The preliminary agreement will make all sides liable to pay an undisclosed break fee if they back out of the deal, the source said. The Saudi stake sale had been a prerequisite of Etisalat's 12 billion takeover of Zain. Although Etisalat withdrew its offer on Saturday, Zain will still sell its quarter-stake in Zain Saudi to joint bidders Kingdom Holding and Bahrain Telecommunications Co (Batelco), the source said.

"The preliminary contract will be signed within the end of this week or beginning of next week, because the banks (creditors) have to see if they will accept transferring the guarantees from Zain to the alliance," the source said.

Kingdom and Batelco agreed to guarantee part of Zain Saudi's debt last week. Zain Saudi's shares are up 1.4 percent, underperforming Saudi Arabia's index which is up 4.3 percent.

Etisalat blamed the deal's collapse in part on the political unrest roiling the region. It also cited the results of its due diligence process and a lack of unanimity among Zain board members as factors that made its offer "no longer viable," according to statement posted to the Abu Dhabi stock exchange Sunday. It didn't elaborate. "This is quite a disappointment for Etisalat. One of the key planks of their strategy is to try to increase their international revenues," said Matthew Reed, a Dubai-based analyst at Informa Telecoms & Media, a research firm. "If Etisalat had got Zain, that would have represented a big boost to its regional and international portfolio." Zain did not immediately comment.

Abu Dhabi-based Etisalat, known officially as the Emirates Telecommunications Corp., is the second Mideast company to cite regional unrest as a factor affecting a major business decision in recent days.

Kuwait's struggling Wataniya Airways last week stopped operating because of financial problems and what it called a "difficult political and security situation in the region."

Popular uprisings across the Arab world this year have toppled long-ruling regimes in Egypt and Tunisia, and sparked foreign military interventions in Libya and Bahrain.

Etisalat first announced its bid to acquire 46 percent of Zain in September.
In November, it signed a preliminary agreement with a major Zain shareholder, the Al-Khair National Stocks and Real Estate Co, to begin the due diligence process of going through Zain's books.
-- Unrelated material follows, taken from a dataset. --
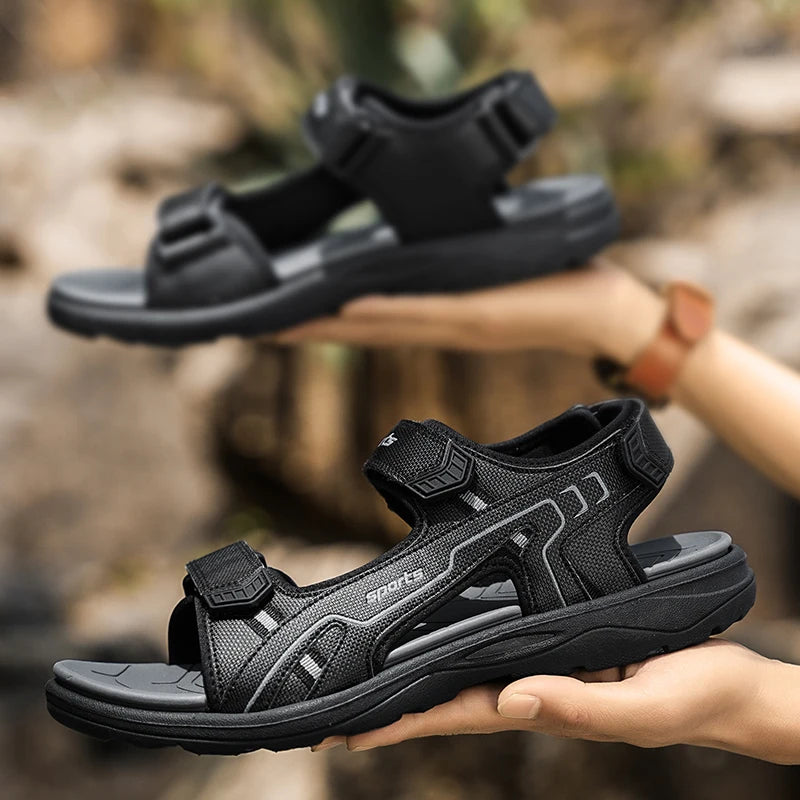 Classic Black Men's Sandals for Summer Wear-Resistant Breathable Beach Wading Shoes Outdoor Casual Walkig Sandals - Sun Studio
It said at the time its offer was binding but subject to certain conditions.

Al-Khair is owned by the Kharafi Group, a Kuwait-based family conglomerate that had been leading the effort on Zain's side to complete the deal. It holds the largest Zain stake outside the government.

The Kuwait Investment Authority, the country's sovereign wealth fund, owns 24.6 percent of Zain. Zain is officially known as the Mobile Telecommunications Co.